Pendennis Castle was one of the early ones – completed in March 1924.

She was still running when I was a train spotter in the early 1960s but I never saw her. That’s surprising really for she was based in the Bath/Bristol area so surely ran into Paddington in London which was one of my train spotting haunts.

She was bought for preservation when she was taken out of main line service in 1964. Pendennis Castle always was a celebrity engine for in 1925 there had been loco exchanges between various companies and Pendennis Castle had trounced the more famous Flying Scotsman by being quicker and burning less coal. But preservation never went smoothly. She was transferred from one place to another several times.

Just where she was based in 1975, I couldn’t tell you, but on that 1975 canal trip, we saw a steam loco on a line, with a couple of coaches.


I think this was somewhere near Rugely. But travelling by canal takes you into a different world. Unless you keep a careful check on proper maps you don’t always know where you are. Canal charts don’t give the same information. Anyway, the loco got nearer and proved to be Pendennis Castle.



I think I could say that in a few short moments Pendennis Castle steamed into my life and then steamed away. Fairly soon after she was shipped to Australia. She’s back in England now and may be back in working order soon.

Who knows, maybe I’ll have another chance encounter with Pendennis Castle at some place and time in the future.

Fun in the fifties

February 19, 2013

It has to be said that this is captioned as ‘fun in the fifties but most people in this photo are now (2013) well into their 60s for this photo dates from 1950.


I’m not in this photo. I suspect I was thought to be too young and I’m sure that was right. My brother and sister are there though. My sister is right in the middle with a hand up to her happy, smiling mouth. My wide eyed brother sits next to her.

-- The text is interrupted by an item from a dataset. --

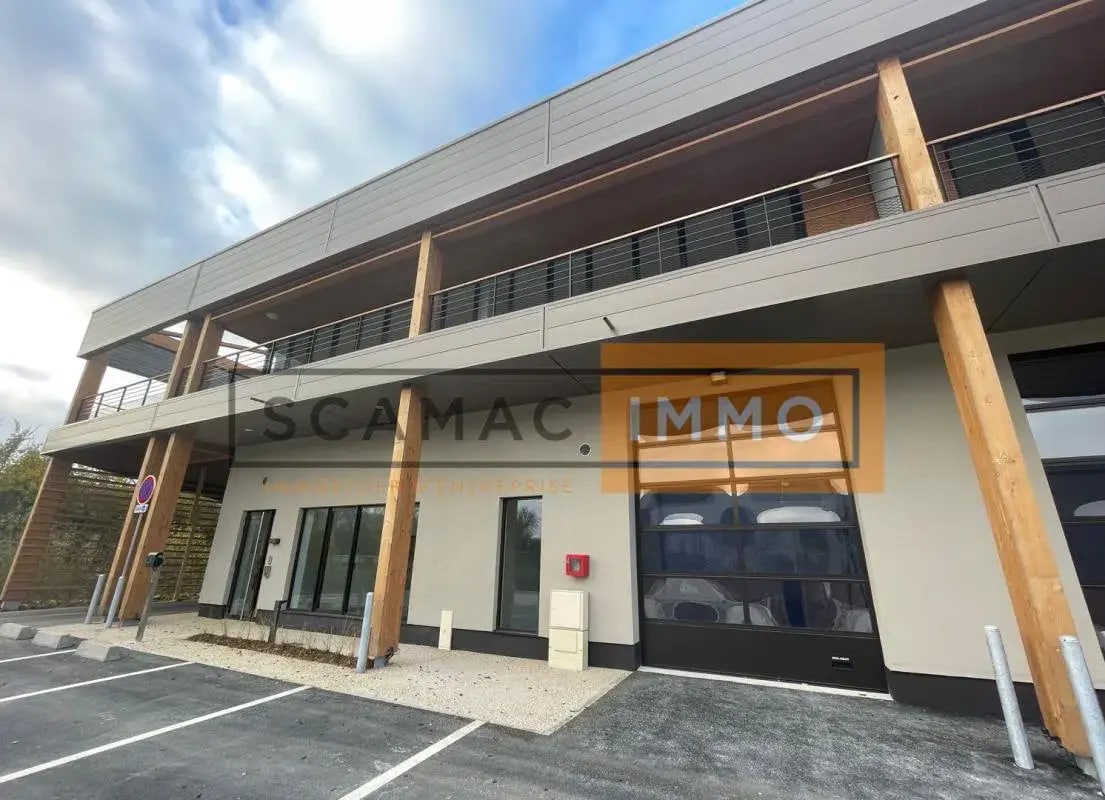 Flex in Croissy-Beaubourg for lease Building Photo- Image 1 of 7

Most of the youngsters are entranced, captivated, amazed or perhaps a little apprehensive. There’s a group on the right, though who do not seem to be taking much notice of the entertainment.

I have no idea what the entertainment was. My dad has captioned this photo ‘Ifield Association Childrens’ Party’.  The venue is clear. It is St Margaret’s Hall which was the village hall in Ifield. Back then Ifield was a village community a couple of miles from Crawley. The Ifield Association laid on all sorts of entertainment within the village.

In those (more or less) pre-television days it was clear that this was very much a highspot for the youngsters. Here were children being children and having a whale of a time.

I suspect this must have been a press photograph. Certainly a powerful flash was used – you can tell by the brightness of the near people and gradual fading to darker tones on the people further away.